Exercise prompt – Everything from the line containing "Let's create an" through the last line of the entries needs to be repeated exactly. Pictures must be left out.

==================================================

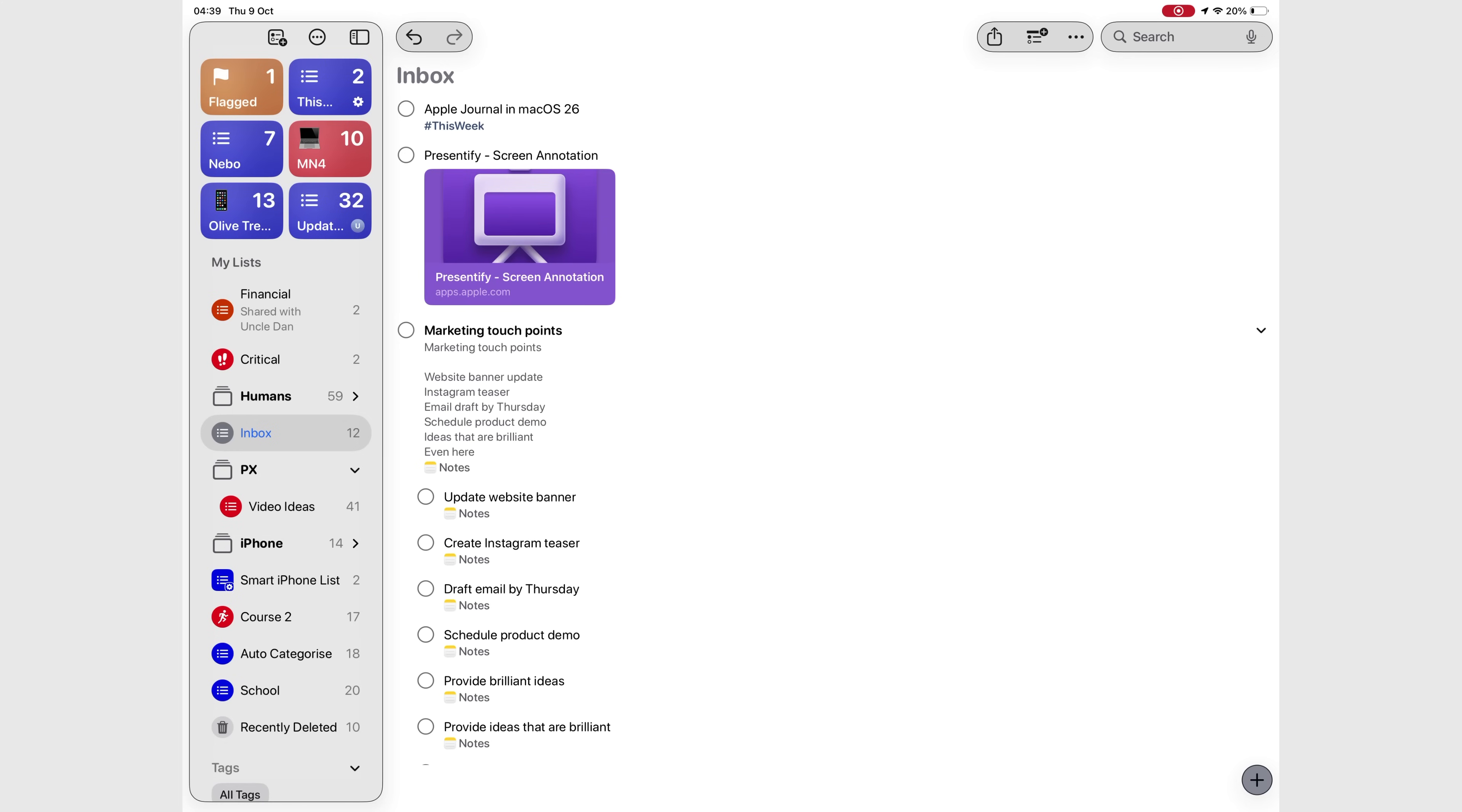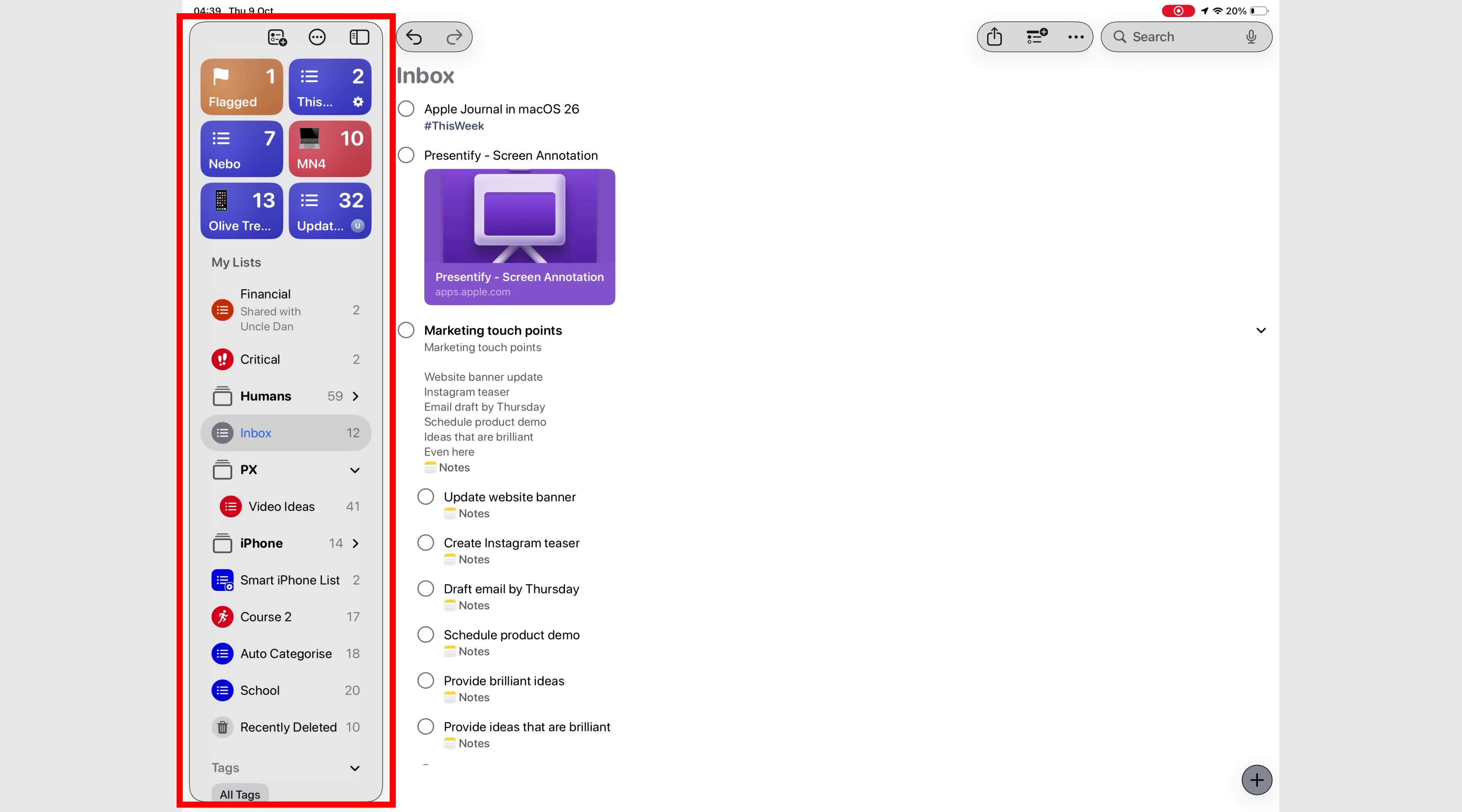Let's take a look at the new and improved Apple Reminders in iPadOS 26, because this update gives the app a smoother, more modern and minimalist feel. Right away, you'll notice the redesigned sidebar. It's no longer flat, but now floats beautifully on top of the rest of the app.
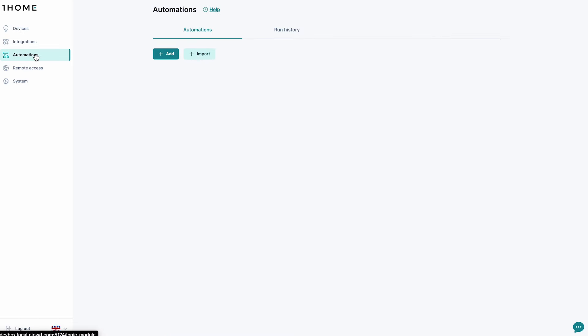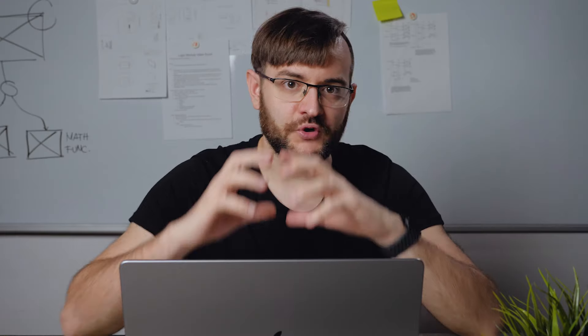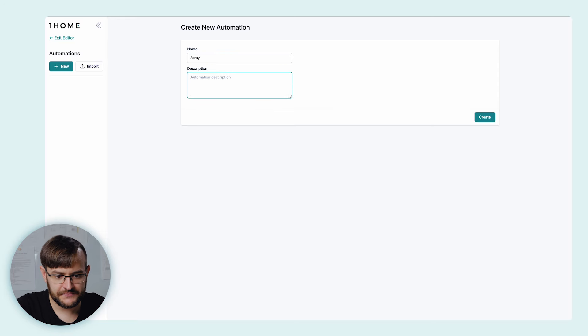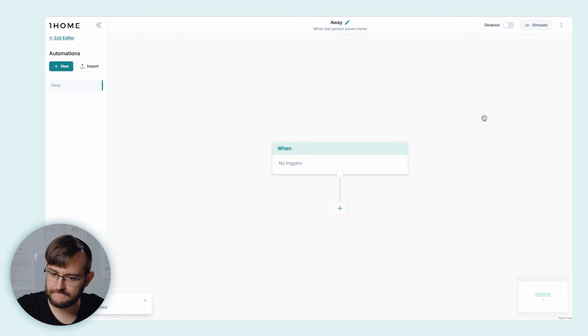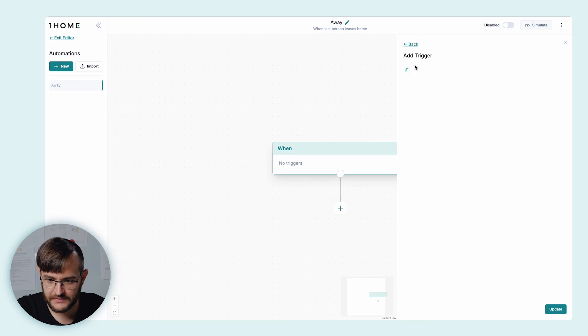Let's create an away automation. We're going to listen for a KNX push button event. Afterwards, we're going to turn off all the lights and all the non-essential sockets. Depending on the time of day, we're going to either open or close the blinds. We're going to wait for five minutes and make sure the garage door lock is locked and the sauna is off. For the name, let's choose 'Away'. We have multiple options for how to create triggers. For this particular case, we're going to use the KNX event.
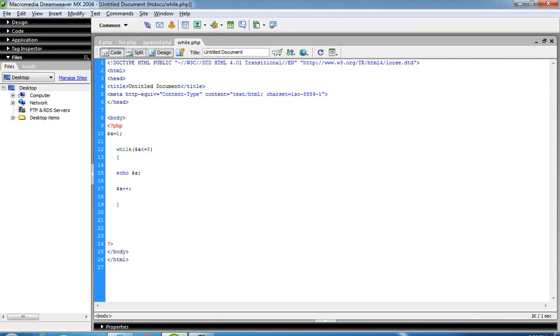So this is the same as for loop, just the difference is in accessing. Otherwise you have to pass three values and three parameters. Thank you.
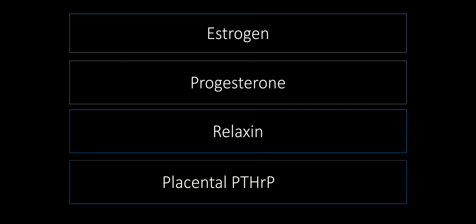Progesterone will also form a cervical mucus plug. So it will close the cervical opening so that the fetus is not thrown out of the body. Any other role of progesterone? Preparation of the mammary gland for lactation. Development of the ducts and the alveoli.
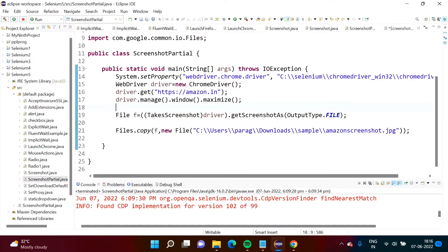Hello friends, welcome to my channel, myself Parakh Zambulkar. In the last video we have seen how to take a screenshot in Selenium — we took a screenshot of the complete screen. In this video we will see how to take a partial screenshot, meaning a screenshot of a particular web element.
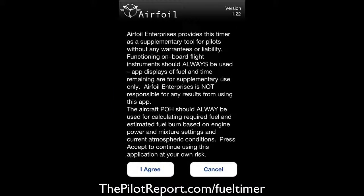The first thing we do is click on the application called Flight Timer. You get a disclaimer at first — basically it's telling you garbage in, garbage out. If you put the wrong information in, it's going to give you the wrong information in the output. So always be careful of what you put in here and use this just for reference. It's not the holy grail of calculating your fuel, but it is a good reference and a good calculator.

==================================================

Answer space –
Let's create an away automation. We're going to listen for a KNX push button event. Afterwards, we're going to turn off all the lights and all the non-essential sockets. Depending on the time of day, we're going to either open or close the blinds. We're going to wait for five minutes and make sure the garage door lock is locked and the sauna is off. For the name, let's choose 'Away'. We have multiple options for how to create triggers. For this particular case, we're going to use the KNX event.
So this is the same as for loop, just the difference is in accessing. Otherwise you have to pass three values and three parameters. Thank you.
Progesterone will also form a cervical mucus plug. So it will close the cervical opening so that the fetus is not thrown out of the body. Any other role of progesterone? Preparation of the mammary gland for lactation. Development of the ducts and the alveoli.
Hello friends, welcome to my channel, myself Parakh Zambulkar. In the last video we have seen how to take a screenshot in Selenium — we took a screenshot of the complete screen. In this video we will see how to take a partial screenshot, meaning a screenshot of a particular web element.
The first thing we do is click on the application called Flight Timer. You get a disclaimer at first — basically it's telling you garbage in, garbage out. If you put the wrong information in, it's going to give you the wrong information in the output. So always be careful of what you put in here and use this just for reference. It's not the holy grail of calculating your fuel, but it is a good reference and a good calculator.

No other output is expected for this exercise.